Yoga has a way of connecting people through a shared experience that isn't about winning or losing or teamwork or productivity. The magic of yoga happens when practiced in an environment that nurtures curiosity, humor, acceptance, and a sense of belonging.


In "Who Do We Choose To Be? - Facing reality, Claiming leadership, Restoring Sanity", Margaret J. Wheatley says the following.


"Ours is a culture obsessed with the pursuit of happiness. As a consequence of this, we are more lonely, estranged, and lost than at any other time on this planet. The 32,000-year-old cave paintings and Paleolithic sites of paintings, pictographs, and petroglyphs all have handprints on the walls. Handprints, one on top of another, stamped there over tens of thousands of years, images from another time of togetherness.


How do we indicate we're together? Number of followers. Number of likes on a post. Being friended. A long snapchat streak. Nearly at the speed of light, we can tell our popularity. Some are entertained by these counts; others watch them obsessively and manipulate them so that, for a brief moment, they appear as the most popular.


Popularity is not the same as feeling you belong. How sad if there's any confusion about this."

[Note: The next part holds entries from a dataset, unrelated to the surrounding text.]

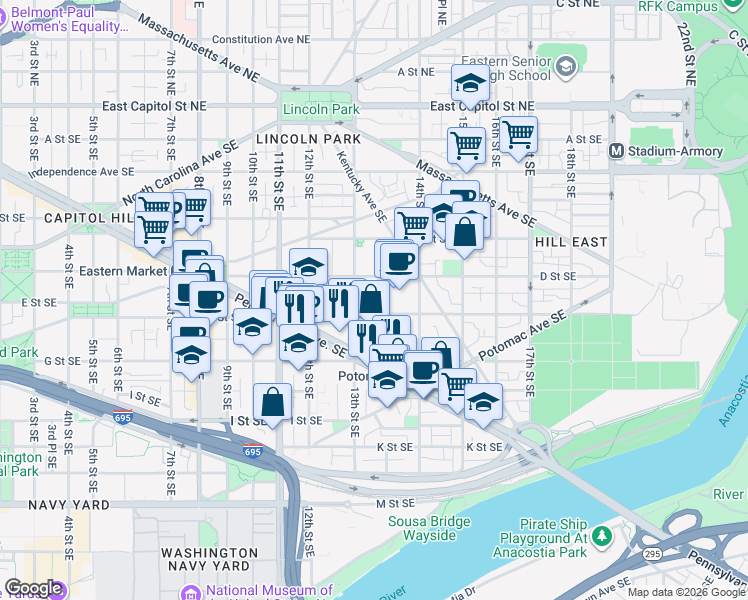 map of restaurants, bars, coffee shops, grocery stores, and more near 101 Independence Avenue Southeast in Washington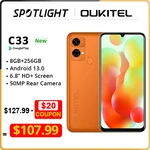 【World Premiere】OUKITEL C33 Smartphone 8GB RAM+256GB ROM Octa Core 6.8" HD+ Screen 50MP Rear Camera Android 13 5150mAh Phone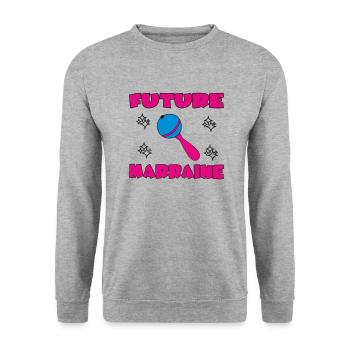 FUTURE MARRAINE - Sweat-shirt Unisexe - gris chiné - Devant - Alina (178cm) & Michal (187cm)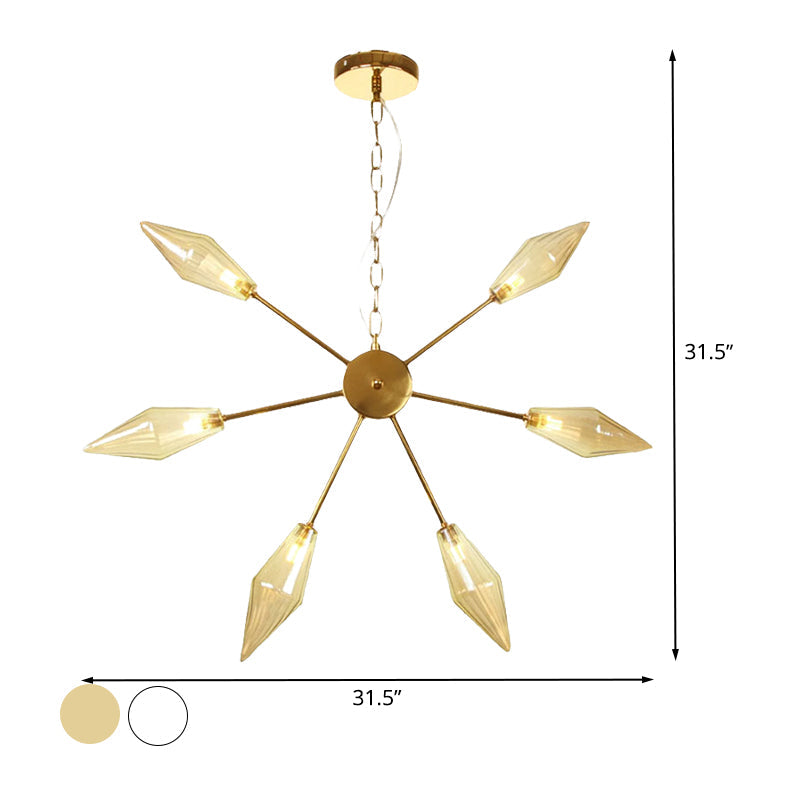 Moderner industrieller Sputnik-Kronleuchter mit Bernstein-/Klarglas – 6/9/12 Lichter – Schwarz-/Kupfer-/Chrom-Oberflächen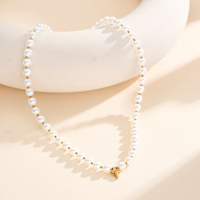 Collier en gros tendance avec pendentif croix dorée, perles faites à la main en acier inoxydable pour femme, accessoires de bijoux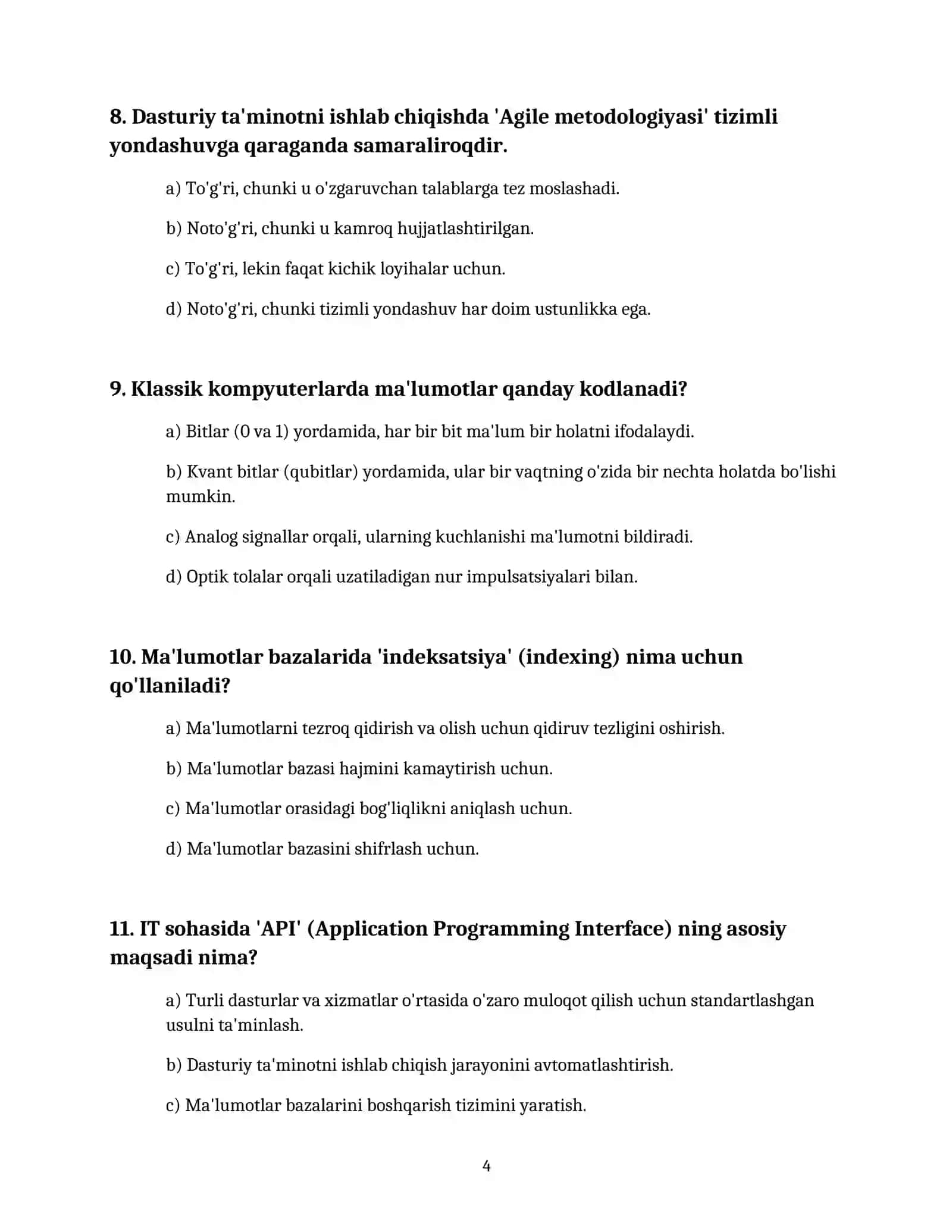 IT VA ZAMONAVIY TEXNOLOGIYALAR ATAMALARI BO'YICHA QIZIQARLI TOPISHMOQLAR VA SAVOL-JAVOBLAR 4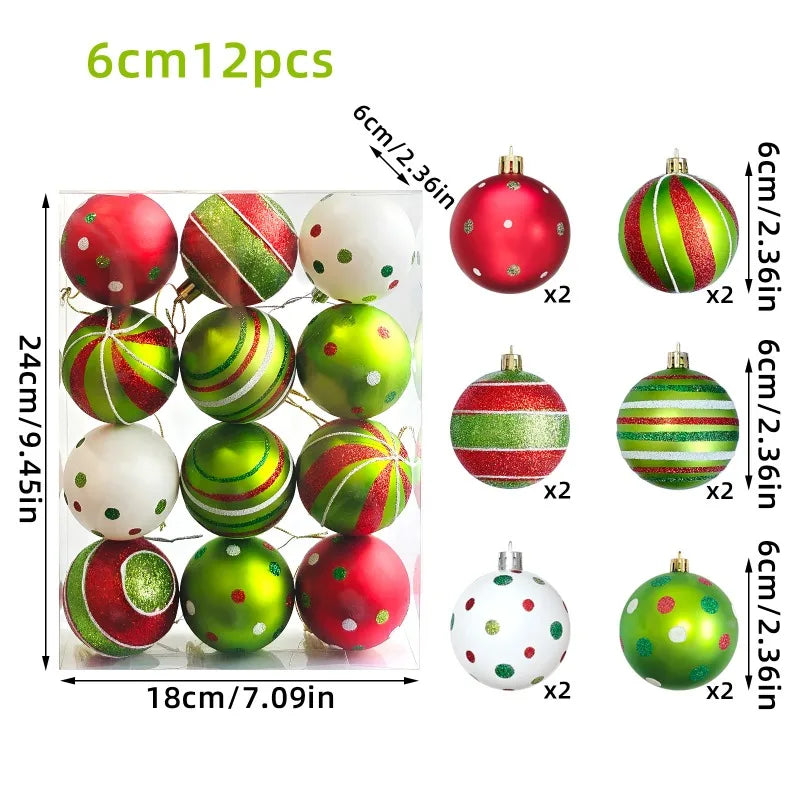 34/12/9pcs Grinch Christmas Ball Decorations Green Monster Xmas Tree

I have been pondering the direction I wish to take as a yoga teacher. (Don't be alarmed. I'm not going anywhere, I'm not quitting, and there are no big changes on the horizon.) But I must admit that the lure of social media, of trying to create something big has crossed my mind.


But then I wondered, what does that mean anyway, something big? For someone like me, the tiniest adjustments we find in practice feel enormous and seeing you show up for class week after week has been a tremendous gift. When I approach this question - what does it mean to do something big - with humility, I am reminded that I wouldn't be a teacher without all of you.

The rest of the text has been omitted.